4 quail, skin on or off; preferably 8 quail
1/4 cup Olive oil plus 2 tablespoons
1/2 cup all-purpose flour
2 cans (14.5 oz.) chicken broth, Swanson low sodium
1/4 cup green onions plus tops, coarsely chopped
1/4 cup fresh mushrooms, diced fine
1/4 cup red onion or shallots, diced fine
1 clove garlic, minced fine
1 teaspoon bacon drippings
1/4 cup butter
1/4 cup dry Sherry
1 teaspoon Wild Bill's Meat Rub
1/2 teaspoon Morton table salt (to taste)
1/2 teaspoon fresh or dried thyme
1 teaspoon fresh or dried rosemary
1/2 teaspoon fresh or dried sage 
1/2 teaspoon freshly ground black peppercorns (Tellicherry) to taste

Preheat oven to 350 degrees F.  Rinse quail off under cold tap water and remove any shot pellets.  Pat dry and rub entire quail with olive oil.  Apply a light coating of Wild Bill's Meat Rub, truss legs together with butchers twine and let rest 30 minutes at room temperature.

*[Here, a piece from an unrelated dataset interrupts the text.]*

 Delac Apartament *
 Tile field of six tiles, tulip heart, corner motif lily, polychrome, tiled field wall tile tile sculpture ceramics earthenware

Place a large skillet on medium heat adding 1/2 stick of butter, 2 tablespoons olive oil and brown quail on all sides.  Place browned quail in a 1.5 quart oven proof dish sprayed with non-stick vegetable spray.

Using the same skillet over medium heat,  deglaze pan with dry sherry.  Add 1/4 cup olive oil and when hot, add 1/2 cup of all-purpose flour and make a light brown roux, whisking constantly to keep from sticking or burning.  It will take about 15 to 20 minutes to make the roux.  Add green onions, mushrooms, red onion or shallots, garlic and sauté about 5 minutes.  Add chicken broth, whisking to combine.  Season with thyme, rosemary, sage, black pepper and salt.  Simmer 5 to 10 minutes until roux thickens, adding additional seasonings if needed.  If roux mixture is too thick, thin with additional chicken stock, whisking to blend.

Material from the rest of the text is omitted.